### Work required
A verbatim reproduction of the lines below, from the line containing "Johanna Reichert (29)" through the line containing "1st image of 114 Vistas Ct #114", both ends included, is the whole required output.

BEGIN Task input

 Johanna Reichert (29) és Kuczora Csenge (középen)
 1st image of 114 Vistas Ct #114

END Task input
BEGIN Task input

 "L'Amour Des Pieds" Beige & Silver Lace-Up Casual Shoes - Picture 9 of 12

END Task input

### Your solution
 Johanna Reichert (29) és Kuczora Csenge (középen)
 1st image of 114 Vistas Ct #114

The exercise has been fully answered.